Rentenversicherungspflicht

Petitionsausschuss stellt sich hinter Freiberufler-Protest

28.06.2013
Von 
Alexandra Mesmer war bis Juli 2021 Redakteurin der Computerwoche, danach wechselte sie zu dem IT-Dienstleister MaibornWolff, wo sie derzeit als Head of Communications arbeitet.
Über 80.000 Selbständige hatten vor einem Jahr eine Petition gegen eine Rentenpflicht unterzeichnet. Nun folgte der Petitionsausschuss des Bundestages der Argumentation der Selbständigen und sprach sich gegen eine pauschale Rentenversicherungspflicht aus.

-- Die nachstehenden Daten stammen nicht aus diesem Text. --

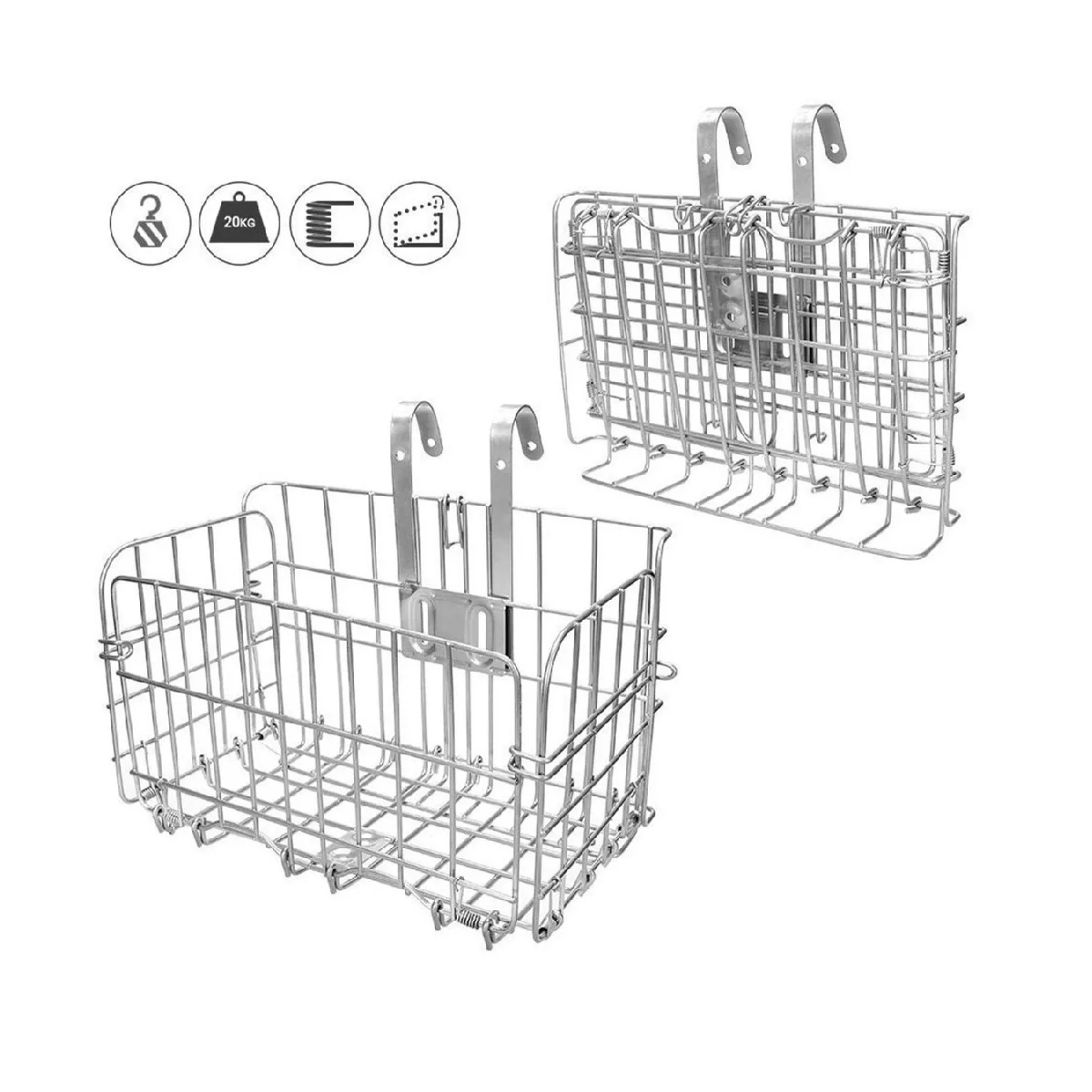 Canasta Plegable De Acero Reforzado Para Bicicleta Plata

Die Sektkorken kann Tim Wessels nach dem Beschluss im Petitionsausschuss nicht knallen lassen. „Die Empfehlung des Ausschusses ist für uns ein Fortschritt“, sagt der Initiator der Petition gegen die geplante Rentenpflicht für Selbständige, die über 80.000 Menschen unterzeichnet hatten. „Man darf aber nicht vergessen, dass die Entscheidung keine bindende Wirkung hat. Die Rentenversicherungspflicht für Selbständige hat der Ausschuss auch nicht abgelehnt, sondern sich nur gegen einen pauschalen Beitrag ausgesprochen“, kommentiert Wessels.

Tim Wessels hat die Petition gegen die Zangsrente für Selbständige amgestoßen.
Tim Wessels hat die Petition gegen die Zangsrente für Selbständige amgestoßen.
Foto: Wessels

Um Altersarmut zu verhindern, wollte Bundesarbeitsministerin Ursula von der Leyen Selbständige dazu verpflichten, in die gesetzliche Rentenversicherung einzuzahlen, sofern sie nicht anders abgesichert sind. Um nach 45 Jahren eine Rente oberhalb der Grundsicherung im Alter von derzeit rund 680 Euro im Monat beziehen zu können, müssten Selbständige laut Ministerium monatlich 250 bis 300 Euro sowie zusätzlich 100 Euro für eine Absicherung gegen Erwerbsminderung zahlen.

Zusammen mit den höheren Ausgaben für Krankenversicherung würden sich die Abgaben auf 900 Euro im Monat erhöhen, rechnet Wessels vor. Die Folge wäre, dass viele Selbständige mit niedrigeren Einkommen aufgeben müssten oder den Schritt in die Selbständigkeit gar nicht wagen würden. Das hat auch der Petitionsausschuss erkannt, der vor allem die pauschalen Mindestbeiträge ablehnte: „Die Einführung einer Versicherungspflicht darf nicht dazu führen, Existenzgründungen zu verhindern."

"Versicherungspflicht führt nur zu mehr Bürokratie"

Wessels, der zusammen mit Andreas Lutz und anderen Kleinunternehmern den Verband der Gründer und Selbständigen (VGSD) gegründet hat, bedauert aber, dass der Petitionsausschuss die Idee einer Rentenversicherungspflicht nicht grundsätzlich abgelehnt hat: „Eine solche Verpflichtung führt zu einem enormen Maß an zusätzlicher Bürokratie. Die bestehende Vorsorge muss anerkannt werden, wenn man nicht die Mehrheit der Selbständigen bestrafen will, die sich schon bisher um ihre Altersvorsorge gekümmert hat. Die Altersvorsorge Selbständiger ist so vielfältig und individuell wie die Menschen selbst - und ihre behördliche Prüfung, ob diese ausreichend in Sinne eines möglichen Gesetzes ist, damit ein Fass ohne Boden."

Verbandskollege Andreas Lutz geht davon aus, dass nun über eine einkommensabhängige Versicherungspflicht diskutiert werden wird: "So lange aber Selbständige in Teilzeit oder mit geringem Einkommen bereits durch die extrem hohen Mindestbeiträge zur Krankenversicherung belastet bleiben, haben sie selbst dafür keinen ausreichenden finanziellen Spielraum. Das eine Problem ist nicht ohne das andere zu lösen. Darauf werden wir nun den Schwerpunkt unserer Verbandsarbeit setzen." Ein Jahr nach seiner Gründung haben sich bereits über 1000 Mitglieder dem Verband der Gründer und Selbständigen angeschlossen.